The new building has been in the planning stage for almost a decade.

The plan was revised in 2012, though neighbours say they only saw the changes in recent months.

Compared to plans shown at a public meeting in 2010, the building was moved at least seven metres closer to the Corticelli, according to Corticelli residents.

At its closest point, the neighbours say a portion of the new building will now be six metres from the Corticelli. In meetings with Corticelli residents, Groupe Mach has contended that it will actually be almost 10 meters away.

Neighbours are also concerned about how close the new building will be to seven maple trees that the city is obliging the developer to save.

“We’re talking to Groupe Mach to try to get some concessions that the neighbours wanted,” said city councillor Craig Sauvé.
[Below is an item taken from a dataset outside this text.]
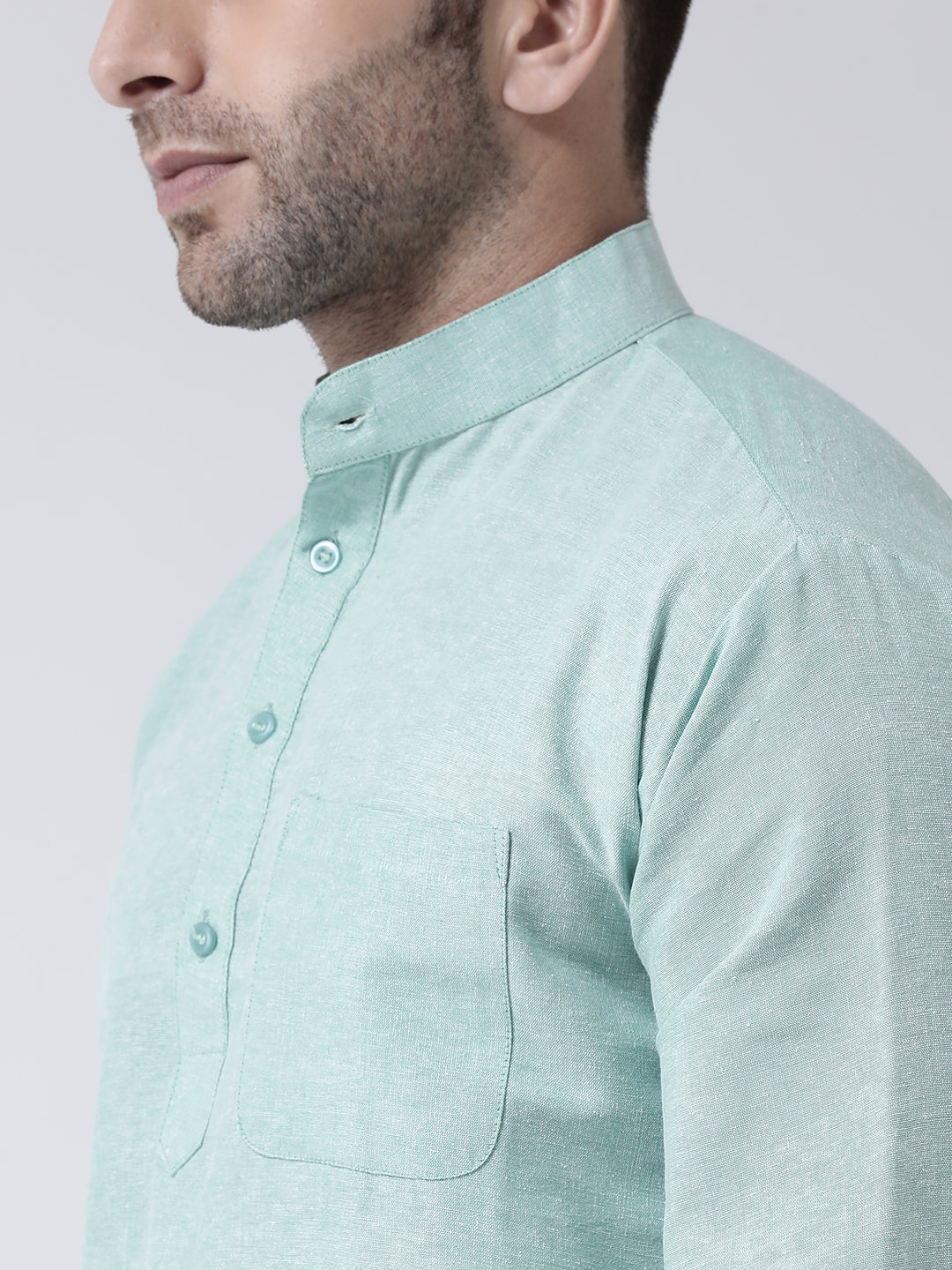 RIAG Green Color Long Sleeves Men's Cotton Short Kurta - Distacart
The borough asked the company to modify the design so the building is not as close to the Corticelli or to the maple trees.

Eric Barbeau, a Groupe Mach spokesperson, said the company “wants to be a good neighbour” and will move the building away from the Corticelli and the trees. He could not say how far the building will be shifted, noting new plans will be submitted to the borough by May 31.

Sauvé said the borough can’t force the company to move the building because “they have full rights to go ahead and build due to previous (borough) votes” in 2010 and 2012.

Even if the updated plan doesn’t satisfy neighbours, the borough can only delay the project at this stage, he said. It cannot stop the construction.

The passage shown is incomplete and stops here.